There are many things that successful teams do that business people can too. It isn’t necessarily easy but it’s very possible. They don’t guarantee a championship (there are no guarantees in life!) but they make success more likely. Plus, business isn’t a game with only one winner. We can all build championship teams!
So, what can we learn from the champions?
Hiring great people makes for a great team.
First and foremost, having the right players is critical. Great teams are not assembled accidentally. Countless hours of thought and planning goes into it. They know what skills they need, and they look for them. They’re constantly aware of the market place and who is or will become available. They court highly talented players. They follow college players and scout other leagues to find talent. They make big deals and pay big money for superstars. They make great bargain acquisitions. They sign amazing veterans. They hire great coaches like Steve Kerr.
Business needs to do the same thing. Think strategically. Know what talent you need and hire it. Hire superstars when you need to. The Warriors had Steph Curry and went out and signed Kevin Durant too. In the offseason they’ve inspired envy and anger as they continued to make moves like this. Build strategically though. Look for talented people who fit your team’s vision and culture. Hire diamonds in the rough, and get great value for your money, but be willing to act quickly and invest appropriately when necessary.
Every team member is important.
If you look carefully at any championship team you’ll find that the bench, a veteran, a rookie, or someone who came as an afterthought in a trade for a superstar contributes in important, often game winning ways. There are also many others who support the players behind the scene, e.g., coaches, trainers, scouts, management. No one succeeds as an island or is more important than another team member.

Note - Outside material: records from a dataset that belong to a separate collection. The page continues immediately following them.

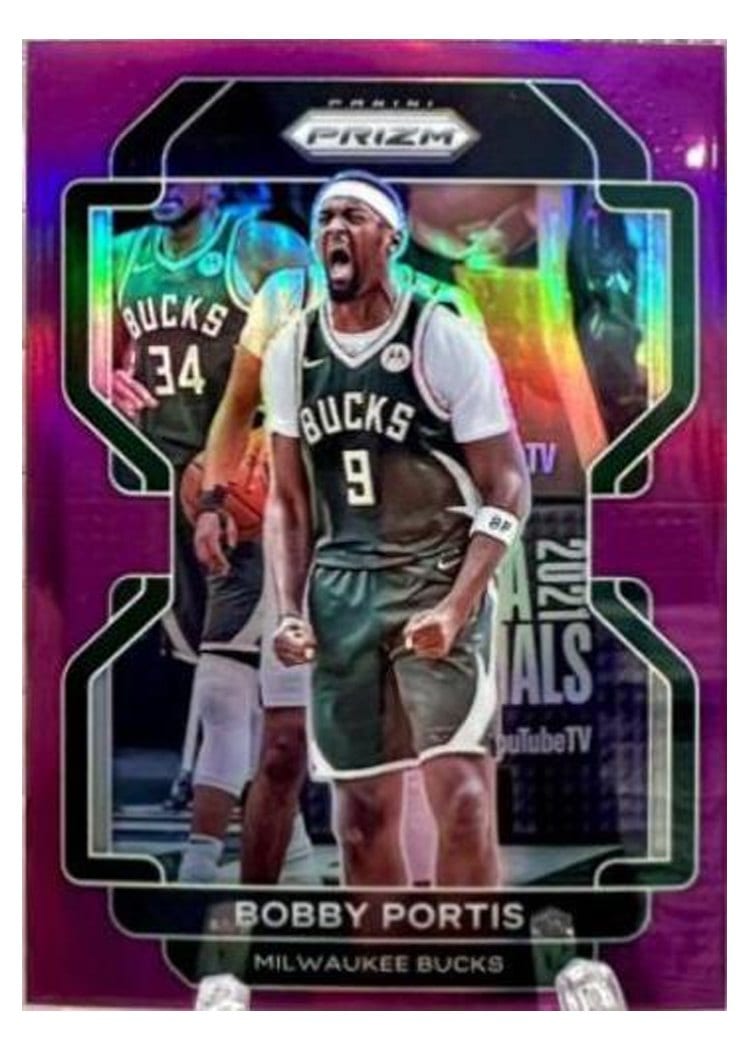 2021-22 Panini Prizm Base Set Bobby Portis #87 card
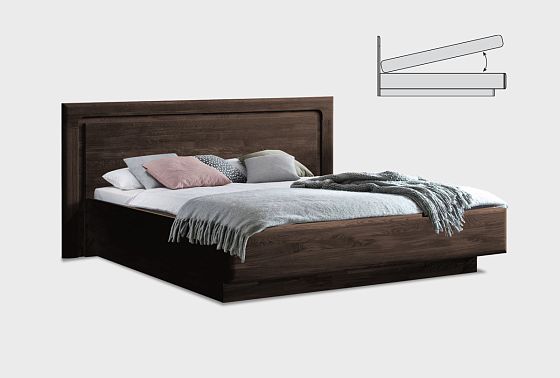 Кровать "Бремен" (узкая) с подъемным механизмом массив дуба 4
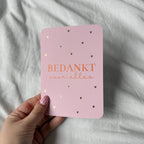 Wenskaart | Bedankt voor alles goudfolie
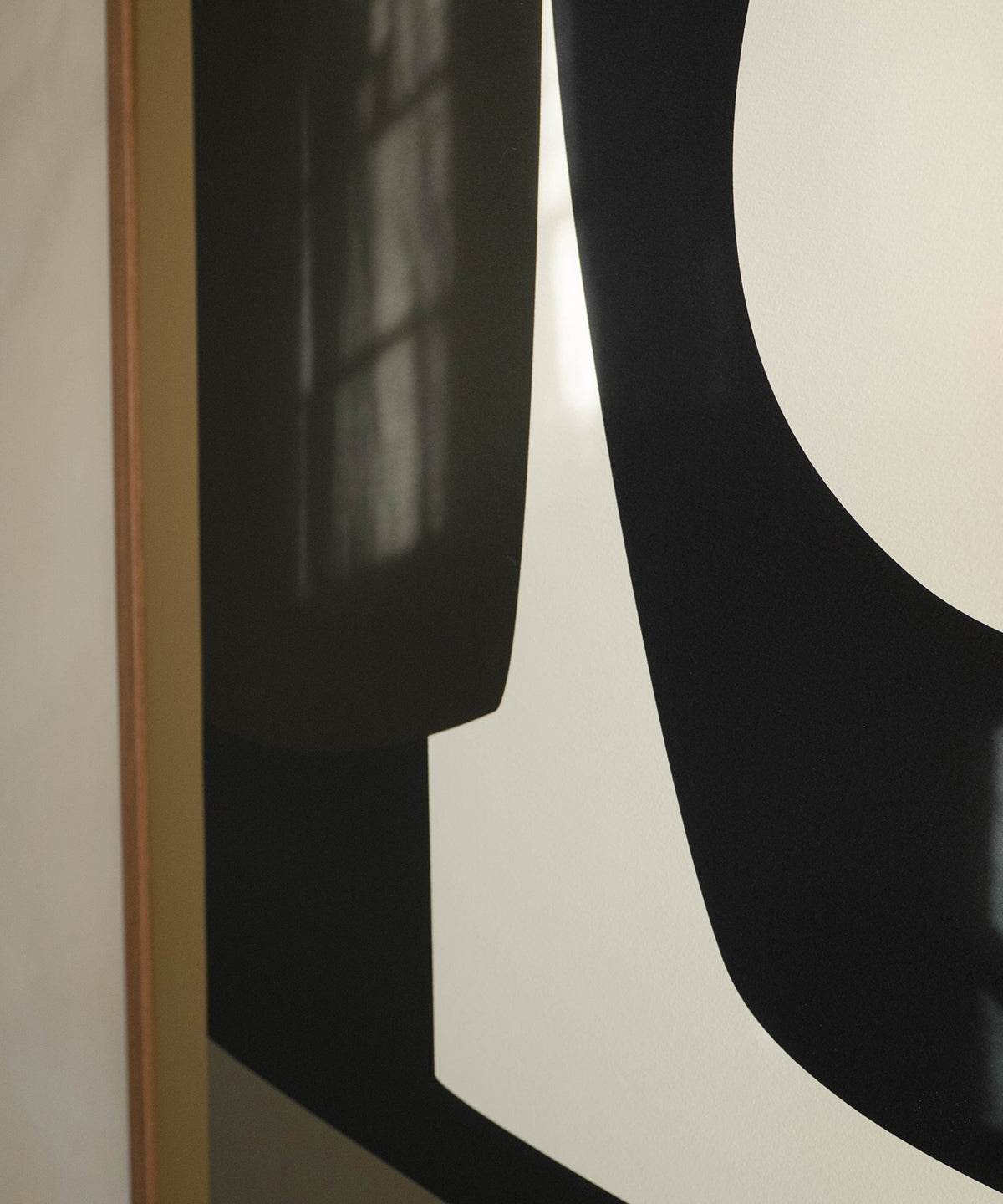 Abstract art print with high-quality matte finish on premium Hahnemühle paper.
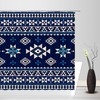 Retro Ethnic Inspired Aztec Shower Curtain for a Chic and Minimalist Bathroom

This is a lesson that any business team can absorb. What good is an awesome product without a good website that customers can reliably order it from? Or the best software if there are no salespeople to find clients? Make sure everyone understands how their job matters to the overall success of the company. Make sure everyone feels valuable – because they are. Everyone needs to do their job and do it well. Teams win, not individuals.

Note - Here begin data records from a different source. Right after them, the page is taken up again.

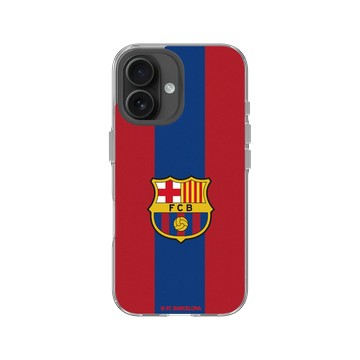iPhone 16 Clear 透明 - FC Barcelona - Logo - Two Tone Background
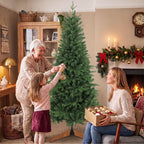 Sapin de Noël Artificiel 180 cm, Arbre de Noël, 1162 Branches Articulées en PE et PVC Ignifuge, Support en Bois Pliable-8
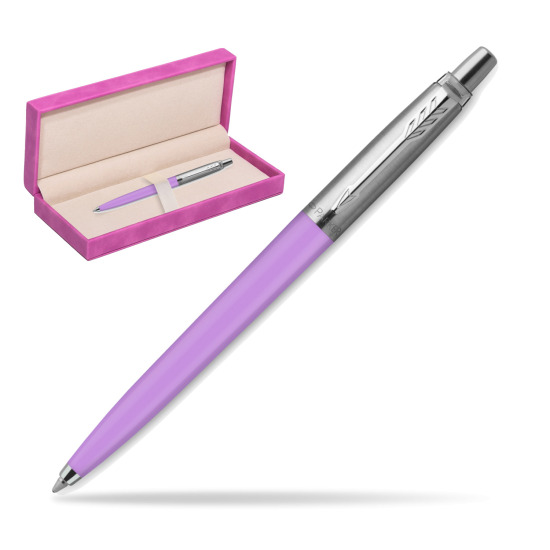 Długopis Parker Jotter Originals Pastel Purple - Edycja Specjalna w pudełku zamszowym fuksja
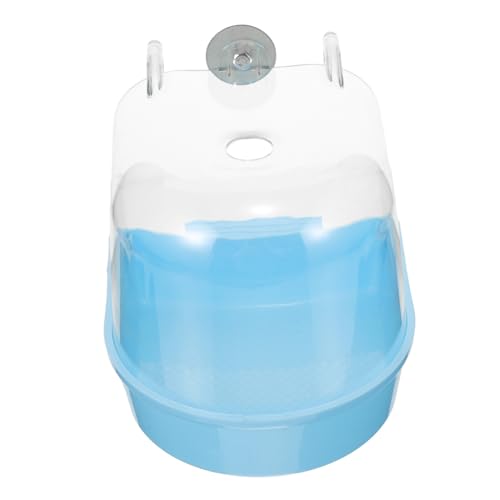 ERINGOGO Pet Bird Bath Box Für Käfige Hängende Für Papageien Praktische Vogelbadewanne Langlebigem Vielseitiges Zubehör Für Wellensittiche Und Nymphensittiche von ERINGOGO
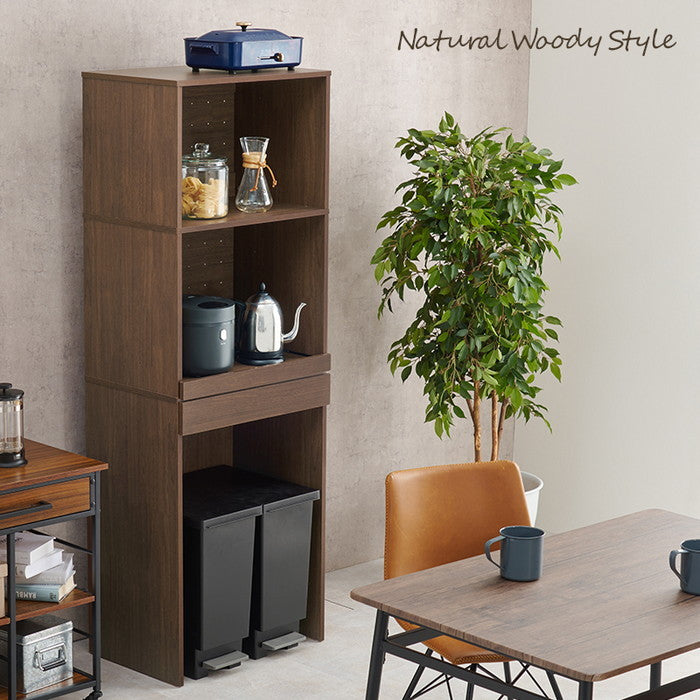 キッチンラック RCC-1630BR-AS (約)幅58×奥行41.5×高さ172cm hgs-3000000875の画像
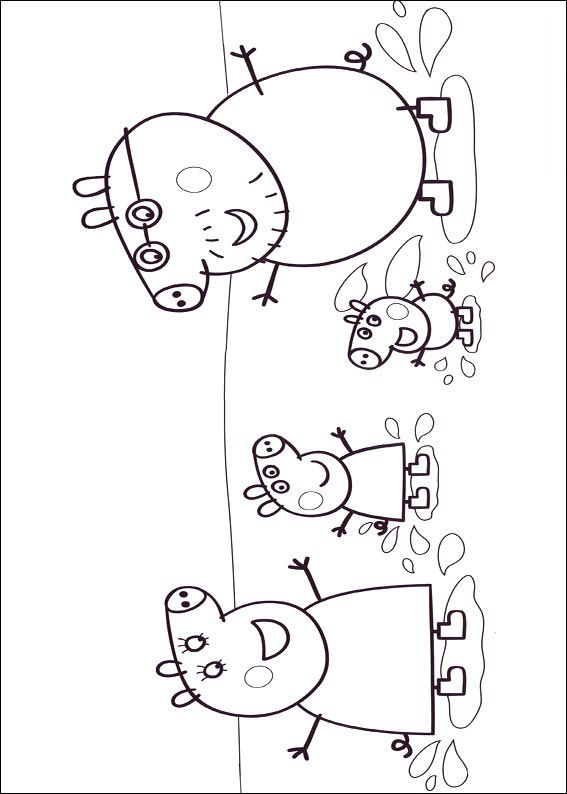 Plansa de colorat cu Peppa Pig 22 15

Great teammates make great teams.
Being a great teammate isn’t just congratulating each other after scoring. It’s being encouraging when things go wrong. It’s leadership at practice, working hard every day, and being prepared for every game. It’s having the right attitude. When Steph Curry was hurt he became the team cheerleader, energizing those on the court from his seat on the bench. It’s helping others get better rather than assigning blame. It’s giving and taking feedback and advice, no matter how successful you are. Curry wasn’t always a star and was mentored by many on his journey. He returns that favor, for example helping Quinn Cook adjust to his first playoff appearances.

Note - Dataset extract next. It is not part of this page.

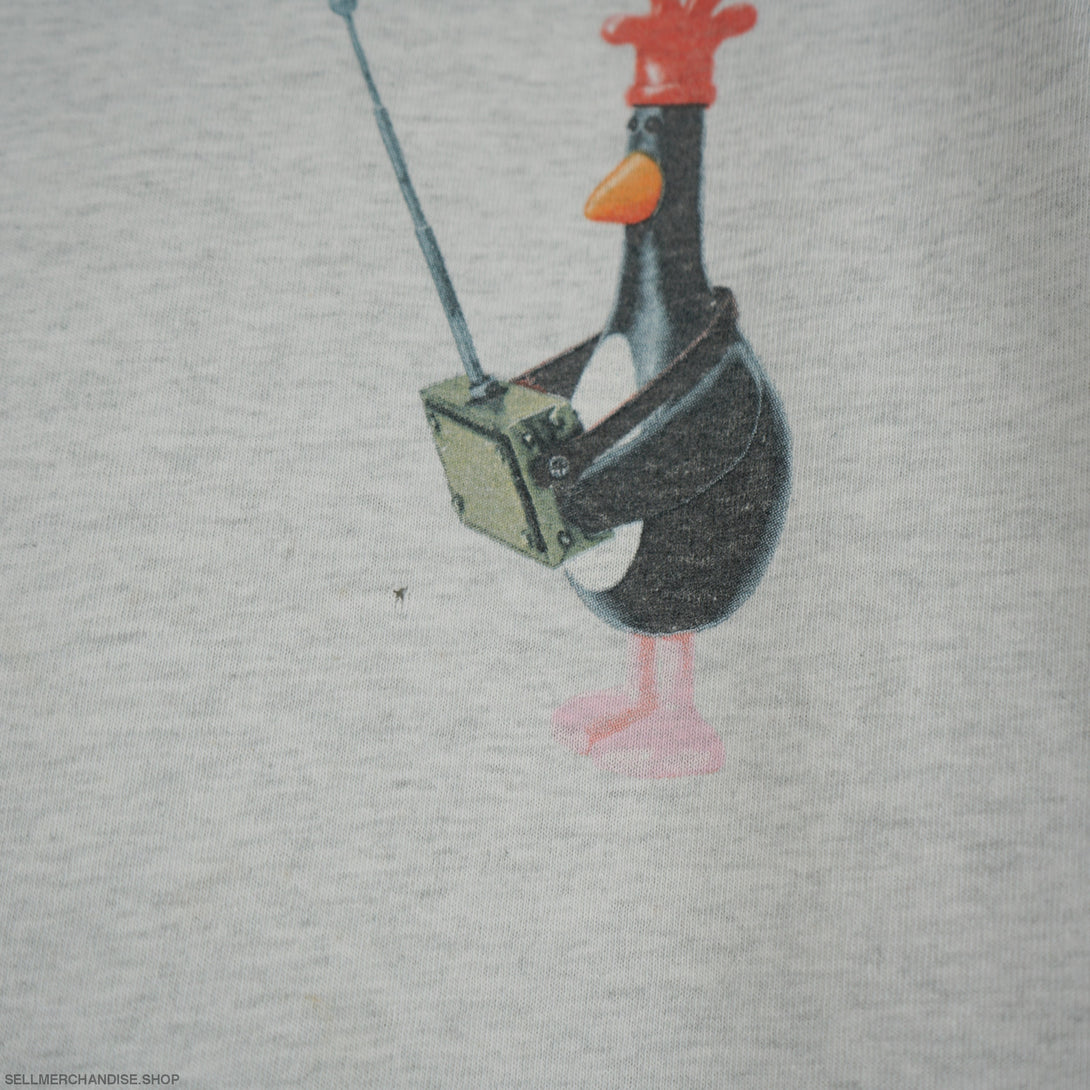 Vintage 1989 Wallace and Gromit Chicken t-shirt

Does your team do that? Do you have employees who help each other succeed? Do your managers help new team members? Are your veterans open to new ideas? Do you encourage this kind of behavior? Do you model it? You should. Being supportive of colleagues, sharing knowledge freely, and helping out when and where needed are just as important as being a brilliant coder. Encourage and reward supportive behavior and you’ll have a more successful team.
Champions never give up. They don’t quit.
This may seem obvious because great comebacks happen plenty in sports but for that very reason it’s easy to overlook the importance of this. Champions don’t win because they don’t have bad times – it’s precisely because they overcome adversity that they become champions. The Warriors did not have an easy season last year. They seemed out of sync and lackluster and just made the playoffs. Steph Curry was plagued by injury. Even in the playoffs they were almost routinely down during games, frequently heading into the second half trailing, by a lot. But they pulled it together. Others stepped in to pick up the injury slack. They repeatedly pulled off amazing, even historic comebacks. And, well, we know how it worked out in the end.
Business teams need to do the same, to foster this kind of attitude and behavior. Make sure you hire people who have the emotional IQ to weather the inevitable frustrations. Hire people who have demonstrated the ability to work under the pressures of deadlines and project milestones. Hire those who don’t get ruffled when challenges arise, instead they find solutions. Championship business teams are made of these individuals.
As I said, I’ve been focused on the Warriors because I love them! They’re my team! But take a look at any championship team, in any sport, and you’ll see the same things. Whether it’s my NBA Warriors, the World Cup team from France, the current MLB teams vying for the World Series crown, or whichever sport and team you root for, there are plenty of examples for those of us in business to learn from. Let’s go champions!